ExtensionData	Object containing extension data.
acsrba	Object containing Mastercard risk analysis provided by the Mastercard Directory Server.
status	Indicates whether the Smart Authentication platform can provide the authentication assessment for that transaction.
score	An authentication assessment between 0-950 in increments of 50, with the threshold increasing with increasing authentication risk.
decision	Indicates the authentication risk analysis and whether Mastercard would have fully authenticated the transaction in a Smart Authentication Stand-In situation.
reasonCode1	One-character value (A-Z) reflecting key anchor variables related to the transaction, with A as the highest risk to Z as the most trusted reason.
reasonCode2	Ensures that ACS is coded to receive reasonCode2 to be able to take advantage of future insights provided in this field. Defaults to 'GG.' Currently not used. Reserved for future use.
acsrba	End of the acsrba object.
emvPaymentToken	Object data provided with the authentication indicating the card number was tokenised.
tokenRequestorId	Identifies each unique combination of Token Requestor and Token Domain(s) for a given Token Service Provider.
tokenStatusIndicator	Identifies the status of the Payment Token. Possible values A(Active for payment), I(Inactive for payment), S(Temporarily suspended for payment), D(Permanently deactivated for payments) and P(Pending).
tokenAdditionalData	Object containing additional token data.
tokenAdditionalDataVersion	Indicates the extension version and matches the value provided by the "Version" field on the "Data" object. Used for Visa transactions only. For example, `1.0`.
tokenCharacteristics	Indicates the type of token. Used for Visa transactions only.
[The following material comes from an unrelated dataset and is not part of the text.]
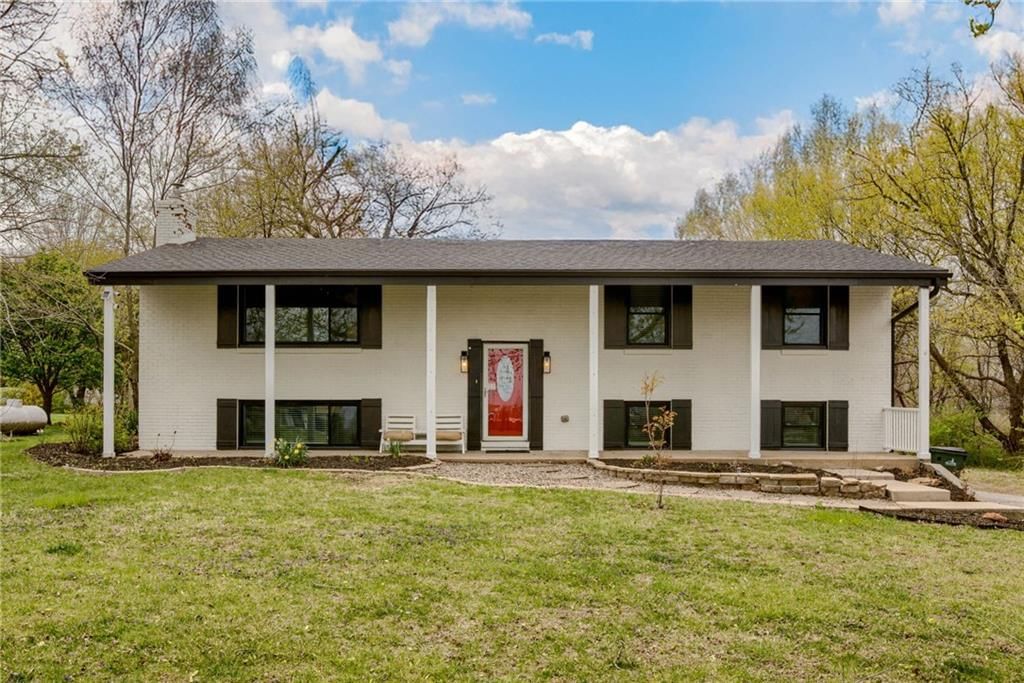 Photo 2 of 54 - 16880 S RIDGEVIEW Road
Values include: 01 (E-commerce/Card on File), 02 (Secure Element), 03 (Cloud Based Payments), 05 (E-commerce Enabler), or 06 (Pseudo Account).
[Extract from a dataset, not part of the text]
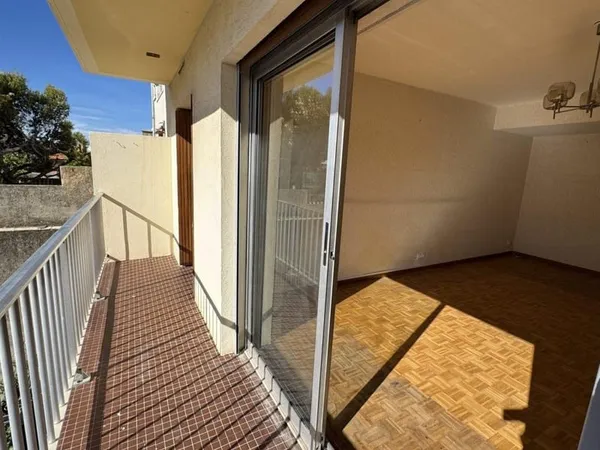 T3 balcon SUD et parking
tokenAdditionalData	End of the tokenAdditionalData object.
version	The version number of the token message extension.
emvPaymentToken	End of the emvPaymentToken object.
dafExtension	An AReq extension which indicates that the transaction is to be considered for DAF (Digital Authentication Framework) eligibility.
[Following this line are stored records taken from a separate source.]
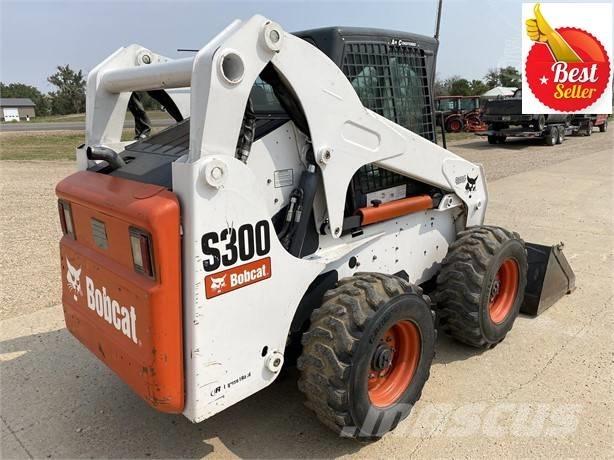 Bobcat S 300 Skid steer mini nakladalci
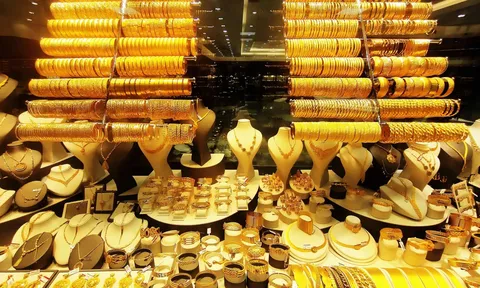 Giá vàng hôm nay (7/12): Vàng  trong nước bán ra quanh 67 triệu đồng/ lượng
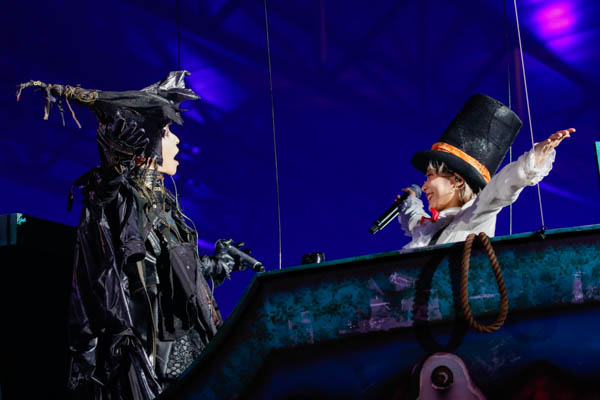 【ライブレポート】HYDE、「20th Orchestra Concert HYDE 黑ミサ 2021 Halloween」開催! DAIGO・手越祐也もゲスト出演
authPayCredStatus	Enables the communication of Authenticated Payment Credential Status between the VDS and the 3DS Server, and the VDS and the ACS. Values include: Y = Payment account is an Authenticated Payment Credential N = Payment account is not an Authenticated Payment Credential U = Authenticated Payment Credential status unknown, unavailable, or does not apply B = Payment account has been blocked by the issuer I = Payment account is invalid as determined by the issuer Note: This element is not present in the AReq DAF extension between the 3DS Server and the VDS and is not present in the ARes and RReq DAF extension between the ACS and the VDS. Note: A Blocked status is most likely indicative of suspected fraud on the account.An invalid status most likely identifies an account that has been closed by the issuer.
authPayProcessReqInd	Indicates whether the purpose of the transaction is to process as a DAF transaction or to inquire on the Authenticated Payment Credential Status.
dafAdvice	Indicates to the ACS whether the transaction must be approved or whether approval is an issuer decision. Values include: 01 = Must approve, or 02 = Issuer decision.
version	Version number of the message extension. For example, `1.0`.
extensionData	End of the extensionData object.
threeRIInd	Indicates the type of Requestor-Initiated Authentication (3RI) request.
threeDSRequestorPriorAuthenticationInfo	Object containing prior transaction authentication data for 3DS request.
threeDSReqPriorAuthData	Data that documents and supports a specific authentication process.
threeDSReqPriorAuthMethod	Mechanism used by the cardholder to previously authenticate to the 3DS Requestor.
threeDSReqPriorAuthTimestamp	Date and time in UTC of the prior cardholder authentication. Date format = YYYYMMDDHHMM
threeDSReqPriorRef	Data which provides additional information to the ACS to determine the best approach for handling a request.
threeDSRequestorPriorAuthenticationInfo	End of the threeDSRequestorPriorAuthenticationInfo object.